Carboidrati: quanta confusione!

01.08.2019


Come scegliere i carboidrati? Sono tutti uguali?

Si sente parlare molto di Alimenti ad Alto o Basso Indice Glicemico. Ma cosa vuol dire?

Un alimento a BASSO INDICE GLICEMICO rilascia lentamente e costantemente il glucosio in esso contenuto. Per questo è utilizzato per tenere sotto controllo la glicemia. Fa ingrassare? Dipende! L'indice glicemico degli alimenti racconta solo una parte di ciò che succede nel metabolismo glucidico. Quello che non indica, è il picco di glucosio nel sangue quando si mangia effettivamente quell'alimento, che non è determinato solo dalla quantità di carboidrati contenuto, ma dalla tipologia del carboidrato (più o meno raffinato). Per comprendere l'impatto completo di un alimento sulla glicemia, è necessario conoscere sia la velocità con cui il cibo libera nell'immediato, il glucosio nel sangue, sia la quantità di glucosio che erogherà nel tempo. Questo valore, è chiamato CARICO GLICEMICO. Fornisce un quadro più preciso dell'impatto reale di un cibo sulla glicemia. E' il valore che determina se quell'alimento ci fa ingrassare o no. Come valutarlo? Il carico glicemico è determinato moltiplicando i grammi di un carboidrato in una porzione dall'indice glicemico, quindi dividendo per 100. Un carico glicemico

Inferiore a 10 è considerato basso (potete incrementate la quantità);

Tra 10 a 19 è medio alto (riducete porzioni e frequenza).

superiore a 19 è considerato molto alto (evitate di mangiarlo);


L'anguria, per esempio, ha un Indice glicemico di 80=altissimo, rispetto al resto della frutta. Ma una porzione di anguria ha così pochi carboidrati (6 g) che il suo Carico glicemico è solo 5, quindi bassissimo. Tradotto: si consuma subito. Evitala però se soffri di patologie infiammatorie. Mangiala se sei all'aperto a passeggio oppure usala come merenda per i  bimbi (non diabetici)mentre giocano.
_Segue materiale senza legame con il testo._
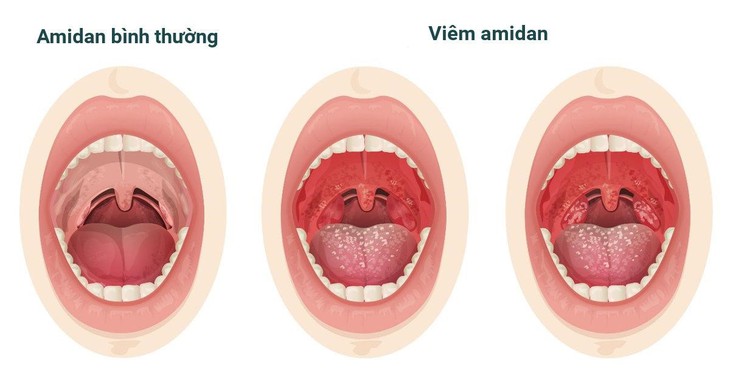 5 triệu chứng viêm amidan thường gặp và cách cải thiện- Ảnh 1.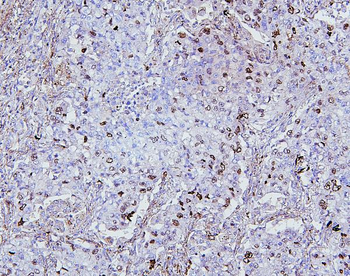 Topoisomerase II alpha/TOP2A Rabbit Polyclonal Antibody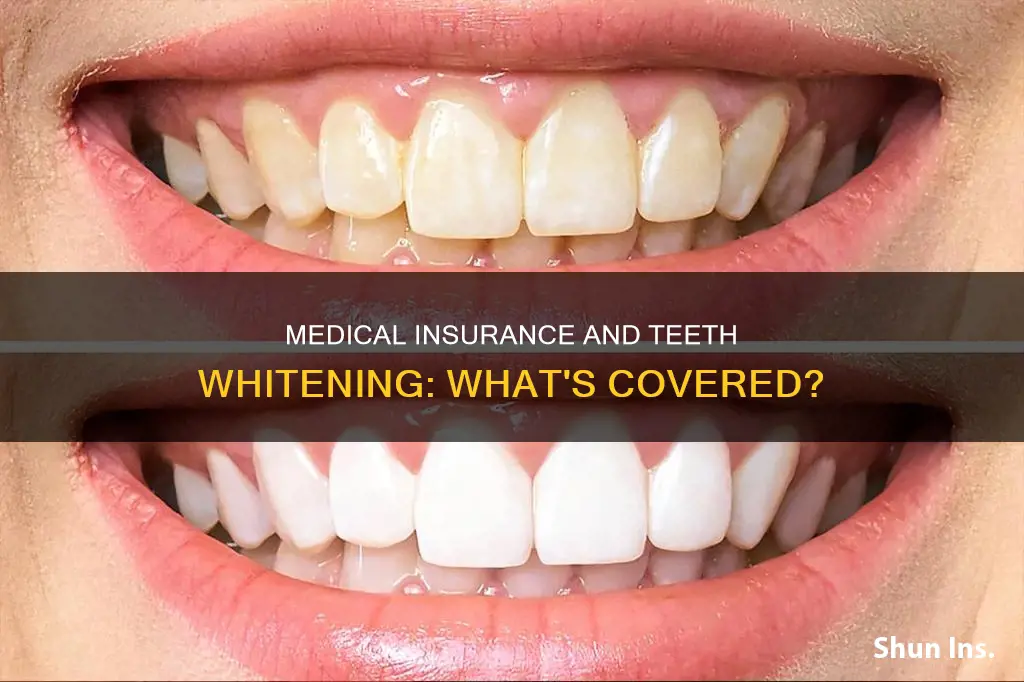 does medical insurance cover teeth whitening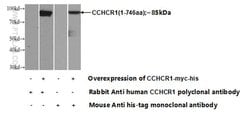 CCHCR1 Rabbit anti-Human, Polyclonal, Proteintech:Antibodies:Primary Antibodies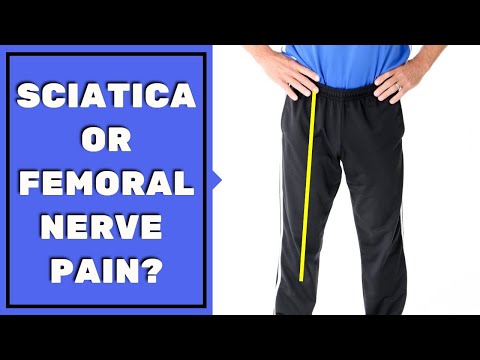 Is Leg Pain Sciatica or Femoral Nerve Pain? Must See to Assess & Stop Pain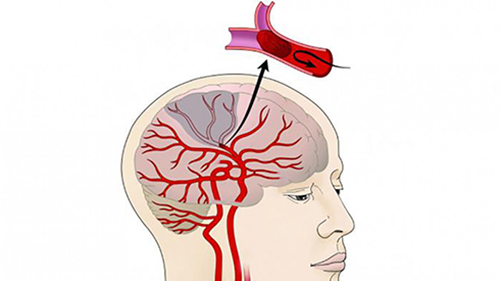 Người bệnh tai biến mạch máu não do thiếu máu cục bộ cần được tái thông mạch máu kịp thời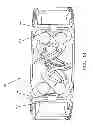 Fig. 15 - Device for securing an implant to tissue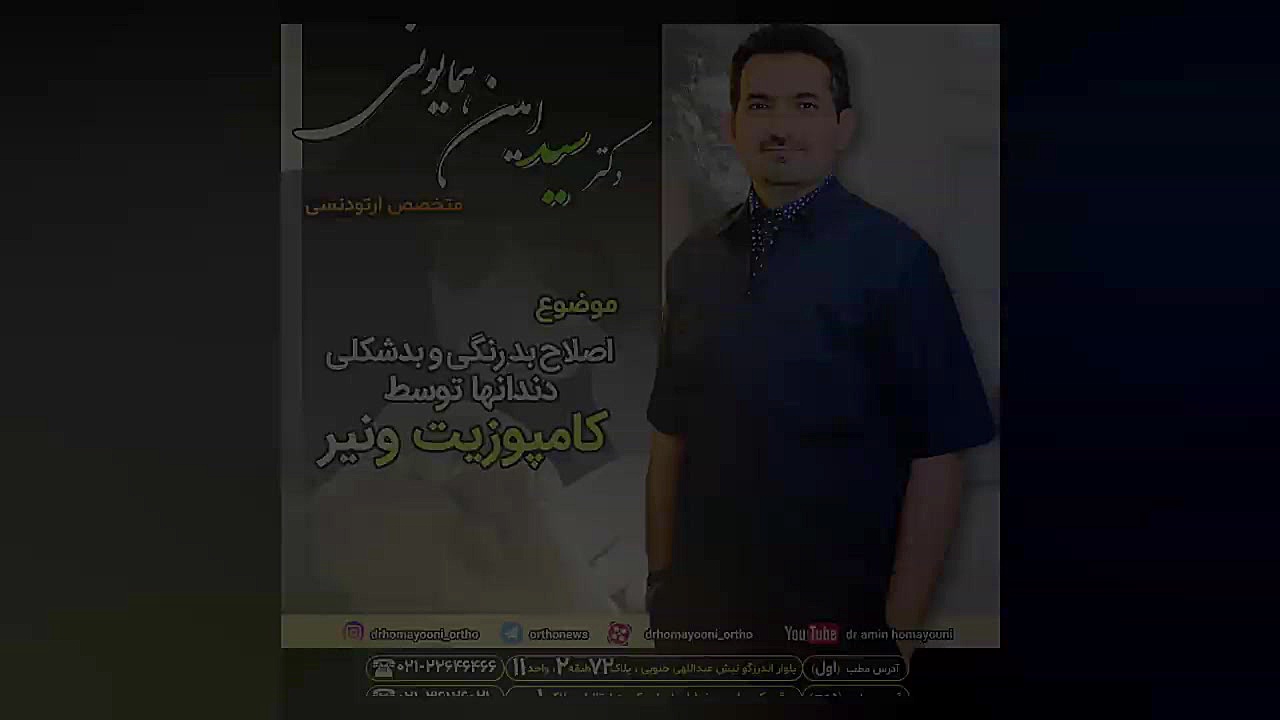 اصلاح بدرنگی و بدشکلی دندانها توسط کامپوزیت ونیر لیفت پیشانی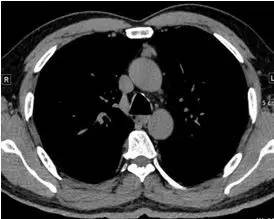 【病例】纵隔血管平滑肌脂肪瘤1例CT 【病例】纵隔血管平滑肌脂肪瘤1例CT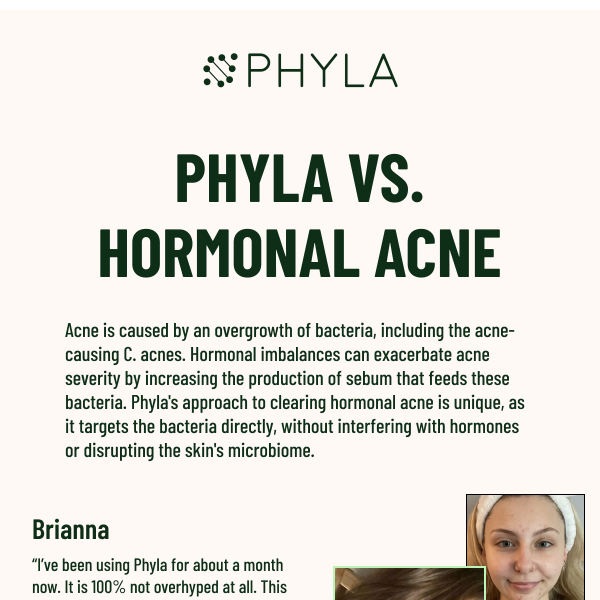 Suffering from hormonal acne?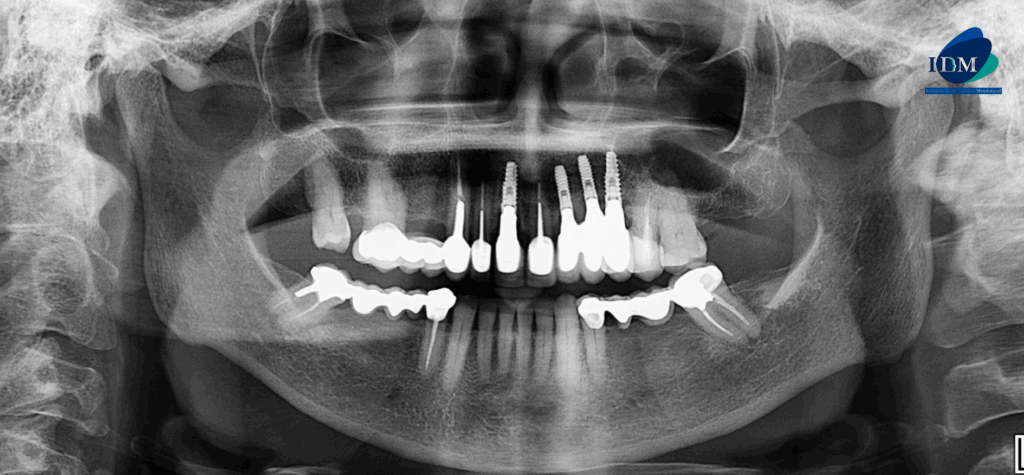 CASO 319 IDM - radiografia panoramica 02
Il pane bianco ha sia un indice che un carico glicemico elevati. Ecco perché le farine raffinate ci fanno ingrassare subito! Attenzione! le porzioni per noi italiani sono veramente sbagliate. Infatti,  secondo l'RDA, la porzione giornaliera di pane bianco per un uomo di 80Kg è di solo 30 g! Stesso discorso per pizzette, focacce e prodotti da forno!


A parità di valori, soddisfa senza dubbio di più un piatto di pasta, con Indice 50 = medio e carico 24= medio, ma considerate che per un uomo di 80 Kg la porzione massima è di 150 g! Quindi, abbondate con i condimenti di verdure e riducete la porzione… se tenete alla vostra linea. 


Riassumendo: non tutti i carboidrati sono uguali. Quelli più "zuccherini" , che poi corrispondono con gli alimenti che ci fanno più ingrassare, vanno dosati con parsimonia. La domanda sorge spontanea: esiste un alimento che possiamo mangiare abbondantemente e non ci fa ingrassare? Certo! I legumi. Infatti, contengono anche una quota di carboidrati, ma non viene totalmente assorbita dal nostro metabolismo. Si, per questo esiste una sostanziale differenza tra valori nutritivi di un alimento (ciò che contiene) e proprietà nutritive (ciò che il corpo metabolizza). Vengono classificati come fonte proteica. Per questo la composizione di un alimento non è sempre indice di quali "nutritivi verranno assorbiti dal nostro metabolismo". Nel caso dei legumi i nutritivi assorbiti in maggioranza saranno le proteine. Per questo vengono utilizzati nelle diete dimagranti o sportive (incremento massa muscolare). 

Ecco qualche esempio.


Fagioli neri: Hanno Indice (basso=30)  e Carico Glicemico (bassissimo=7), praticamente inesistenti. Per questo motivo, la porzione ideale di riferimento è di 150g! 


Sono ottimi nelle insalate di verdura mista, nei piatti unici (es. pasta e fagioli) o per creare pratici finger food.


Stesso discorso per gli altri legumi: piselli, lenticchie, fagioli, ceci. L'eccesso non crea danni (eccetto ai nefropatici) e sfamano notevolmente. Questi ultimi, se vi piacciono vi offrono l'opportunità di uno spuntino goloso: l'Humus greco (mousse di ceci); Indice e Carico Glicemico sono pari a ZERO!

Ottimo come sostituto dei formaggi spalmabili. Senza carboidrati assorbiti e senza grassi!


Insomma, quella zuppa di ceci che Emily, nel film "Il diavolo veste Prada", sceglieva.. non era per nulla sbagliata per arrivare alla sua tanto sperata Taglia 38!